Pun dengan adanya dugaan unsur penyalahgunaan kekuasaan dalam penetapan tersangka korupsi, Menurut Miko, berdasarkan pasal 44 UU KPK, penetapan tersangka harus dilakukan berdasarkan hasil pertemuan antara penyidik, penyelidik, pimpinan KPK, dan Jaksa. Sehingga penetapan tersangka tidak dilakukan berdasarkan keputusan pimpinan semata.
''Jadi secara struktur dan sistem, didukung UU KPK juga, di KPK itu sudah membuat sistem pengawasan itu sudah berjalan efektif,'' ujar Miko.
Bahkan, Miko menambahkan, setiap tahunnya KPK kerap mengeluarkan hasil audit kinerja mereka, berapa perkara yang sudah diselesaikan, berapa kerugian yang sudah dikembalikan ke negara, dan perkara yang tengah ditangani. Dalam UU KPK hal ini juga sudah diatur soal kewajiban pemenuhan hak publik terkait akuntabilitas dan transparansi KPK. '
'Termasuk meminta laporan keuangan dari KPK,. Dengan UU yang ada sekarang, akuntabilitas dan transparansi KPK tetap terjaga,'' katanya.

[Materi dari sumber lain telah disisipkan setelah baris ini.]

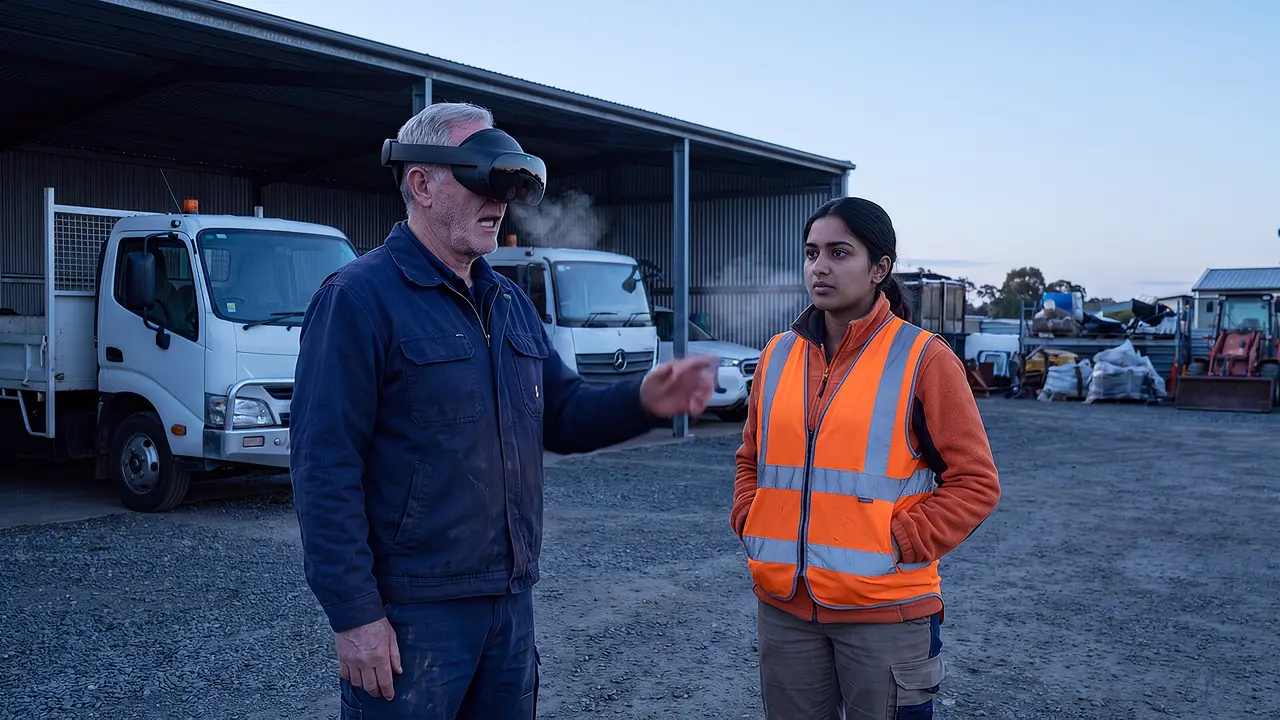 At dawn in a council depot yard, an older worker in navy overalls wears a headset while a woman in a high-visibility vest stands beside him, tip trucks parked under an open shed.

Terkait munculnya wacana revisi UU KPK untuk bisa menguatkan peran KPK itu sendiri, Miko menilai, rencana tersebut tidak relevan dengan upaya penguatan KPK. Menurutnya, tidak ada urgensi yang untuk melakukan revisi tersebut. Miko menyebut, justru yang harus direvisi adalah Kitab Undang-Undang Hukum Acara Pidana (KUHAP).
Jika dengan asumsi KPK itu hadir lantaran kerja Kepolisian dan Kejaksaan Agung belum maksimal, maka saat ini juga harus bisa diperhatikan untuk dapat membuat kinerja dua lembaga itu bisa maksimal, terutama dalam pemberantasan korupsi. Artinya, jangan dilihat dari satu sisi atau dari KPK saja, padahal Kepolisian dan Kejaksaan Agung dapat menjadi senjata yang efektif dalam memberantas korupsi.
''Daripada merevisi UU KPK, ada baiknya langsung dilihat ke KUHAP yang membuka ruang penyalahgunaan kekuasaan dan potensi korupsi itu, Selain itu, pemerintah itu harus bisa mendorong Kepolisian dan Kejaksaan untuk lebih akuntabel,'' tutur Miko.